Billy May

Personal information
- Full name: William Owen May
- Date of birth: 26 September 1865
- Place of birth: Hull, England
- Date of death: 13 October 1936 (aged 71)
- Position: Forward

Senior career*
- Years: Team / Apps / (Gls)
- 1885–1886: Long Eaton Rangers
- 1886–1888: Notts Rangers
- 1888–1889: Notts County / 4 / (0)
- 1889–1890: Notts Jardines F.C.
- 1890–1893: Burton Swifts
- 1893–1894: Mansfield Greenhalgh's
- 1894: Mansfield Town F.C.
- 1894–1895: Mansfield
- 1895–1896: Burton Swifts / 1 / (0)
- 1896 – ????: Burton Ivanhoe F.C

= Billy May (footballer) =

English footballer (1865–1936)

Billy May (26 September 1865 – 13 October 1936) was an English footballer who played in the Football League for Notts County and Burton Swifts.

==Early career==
Billy May was born in Hull, in, what was then the East Riding of Yorkshire but was from a Nottingham family and at the age of 19 he signed for a Derbyshire football club, Long Eaton Rangers. At the time May was on Long Eaton Rangers books the club were not in a competitive League.

The following year, as May approached his 21st birthday May moved to Nottinghamshire club, Notts Rangers. This was another club who, at that time, were not playing any kind of League football. He then signed for Notts County but there is a dispute as to when. One source quotes 1 July 1887 whereas another states November 1888.

==League & Notts County debut==
Billy May made his Club & League debut in November 1888. The venue was Trent Bridge, Nottingham. The date was 10 November 1888 and the opposition was Accrington. For a November's day the weather was pleasant and the 8,000 crowd saw some fine attacking football. Accrington forward Billy Barbour put his side ahead but not long after Harry Daft leveled the scores and Mordecai Sherwin entertained the crowd with one of his cartwheels.
Accrington then got the better of the play and their forward, Joe Lofthouse, restored Accrington' lead. 2–1 at half-time.

The second-half saw Notts County get the better of the play, Charles Shelton equalizing for County and then Bob Jardine putting County ahead for the first time in the match. As the match wore on County had two defenders injured so it was no surprise when Billy Barbour got his brace and the match finished a draw, 3-3, a point each. Note: This was the only time Billy May played for Notts County in a League match and was not on the losing side.

==1888-1889 Season==
Billy May made his debut on 10 November 1888 at centre-forward for Notts County. He played twice in that position between, and including 10 November 1888 to 24 November 1888.

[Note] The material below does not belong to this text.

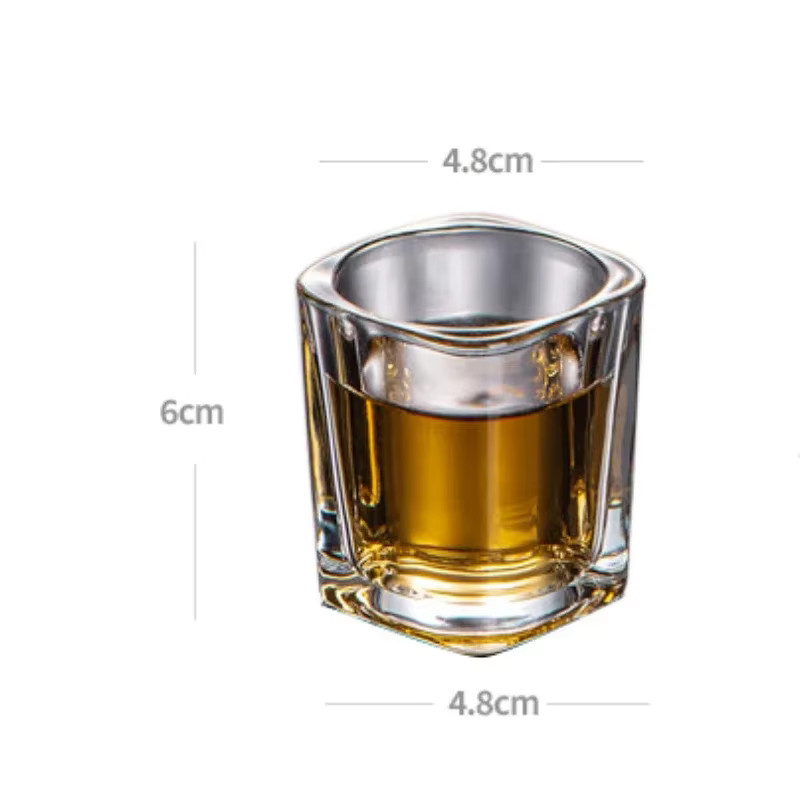 6er Set transparente Schnapsgläser aus Glas mit 60 ml Füllmenge - Bild 6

He returned to the first team on 15 December 1888 but had moved to inside-right. The match was played at Leamington Road, Blackburn. The opposition was high-flying Blackburn Rovers and County were well beaten 5–2. The following week he played his second match at inside-right, and his last game for Notts County. The match was at County Ground, Derby and Notts County lost 3–2.

May played four league matches for Notts County and when he played his team scored seven goals (out of 40) and conceded 14 out of 73 goals. The 40 goals was the joint third lowest tally by any League club that season. The 73 goals conceded was the worst by any League club in 1888–1889. Notts County finished 11th and had to seek re-election.

==1889-1896==
After Leaving Notts County May became a journeyman footballer having short stays at a variety of clubs.

In 1889 he stayed in Nottingham but played for, what was probably a works side, Nottingham Jardine's Athletic. Little appears to be recorded about this club and it is uncertain whether they played League football in 1889–1890 when Billy May was there.

In 1890 Billy May left Nottingham and went to Burton-upon-Trent, in the County of Staffordshire to join Burton Swifts who, had just helped to form the League known as The Combination. May stayed at Burton for three years and the club did not finish in the top three in any of those three seasons that Billy May played there.

In 1893, after three uneventful seasons Billy May left Burton Swifts and moved back to Nottinghamshire. This time he went to the town of Mansfield in the heart of the Nottinghamshire coalfield. The team was Mansfield Greenhalgh' a member of the Midland League where Billy May' team finished fifth.

In 1894 Billy May moved across Mansfield and joined Mansfield Town. Before the 1894–1895 season started there was an amalgamation. Mansfield Town with Billy May on their books joined with Mansfield Greenhalgh' to form Mansfield. Mansfield played in the Midland League and Billy May played for them, in that League in 1894–1895.

In 1895 Billy May moved again, back to Staffordshire, back to Burton Swifts who were now members of the Football League Second Division. Billy May was now 30 years old and was very much a reserve player at Burton Swifts. His only chance for League football, his last ever League game was played on 29 February 1896 against Liverpool. The venue was Peel Croft, Burton-upon-Trent and Billy May finished his Football League career having never won a game as Liverpool slaughtered Burton Swifts 7–0.

In 1896 Billy May left Burton Swifts and moved across town to play for Burton Ivanhoe F.C. It is not recorded when Billy May stopped playing and left Burton Ivanhoe.

==End of Career==
Billy May stayed in Burton and is recorded in the 1901 census as working as a licensed victualler. (off-licence manager). He must have moved back to Nottingham at some time as he died there on 13 October 1936 aged 71.